Records for the exercise Block Start

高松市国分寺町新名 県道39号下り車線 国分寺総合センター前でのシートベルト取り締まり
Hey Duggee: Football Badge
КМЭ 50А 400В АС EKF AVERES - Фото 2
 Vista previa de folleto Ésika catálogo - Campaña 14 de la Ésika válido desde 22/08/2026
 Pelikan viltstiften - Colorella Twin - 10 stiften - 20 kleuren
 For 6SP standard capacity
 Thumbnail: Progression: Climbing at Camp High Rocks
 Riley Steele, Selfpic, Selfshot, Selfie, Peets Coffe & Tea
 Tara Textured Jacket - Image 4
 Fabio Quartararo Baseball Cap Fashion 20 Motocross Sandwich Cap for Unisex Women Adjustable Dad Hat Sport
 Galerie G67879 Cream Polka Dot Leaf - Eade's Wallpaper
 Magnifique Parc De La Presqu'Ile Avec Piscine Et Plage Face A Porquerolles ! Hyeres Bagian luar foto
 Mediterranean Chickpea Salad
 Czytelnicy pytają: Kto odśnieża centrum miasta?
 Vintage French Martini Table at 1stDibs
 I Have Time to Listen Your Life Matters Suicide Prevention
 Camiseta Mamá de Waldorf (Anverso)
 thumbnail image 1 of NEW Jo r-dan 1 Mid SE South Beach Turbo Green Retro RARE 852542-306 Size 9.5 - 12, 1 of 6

Records for the exercise Block End

What this task involves: Repeat the whole listing verbatim.

Task response:
高松市国分寺町新名 県道39号下り車線 国分寺総合センター前でのシートベルト取り締まり
Hey Duggee: Football Badge
КМЭ 50А 400В АС EKF AVERES - Фото 2
 Vista previa de folleto Ésika catálogo - Campaña 14 de la Ésika válido desde 22/08/2026
 Pelikan viltstiften - Colorella Twin - 10 stiften - 20 kleuren
 For 6SP standard capacity
 Thumbnail: Progression: Climbing at Camp High Rocks
 Riley Steele, Selfpic, Selfshot, Selfie, Peets Coffe & Tea
 Tara Textured Jacket - Image 4
 Fabio Quartararo Baseball Cap Fashion 20 Motocross Sandwich Cap for Unisex Women Adjustable Dad Hat Sport
 Galerie G67879 Cream Polka Dot Leaf - Eade's Wallpaper
 Magnifique Parc De La Presqu'Ile Avec Piscine Et Plage Face A Porquerolles ! Hyeres Bagian luar foto
 Mediterranean Chickpea Salad
 Czytelnicy pytają: Kto odśnieża centrum miasta?
 Vintage French Martini Table at 1stDibs
 I Have Time to Listen Your Life Matters Suicide Prevention
 Camiseta Mamá de Waldorf (Anverso)
 thumbnail image 1 of NEW Jo r-dan 1 Mid SE South Beach Turbo Green Retro RARE 852542-306 Size 9.5 - 12, 1 of 6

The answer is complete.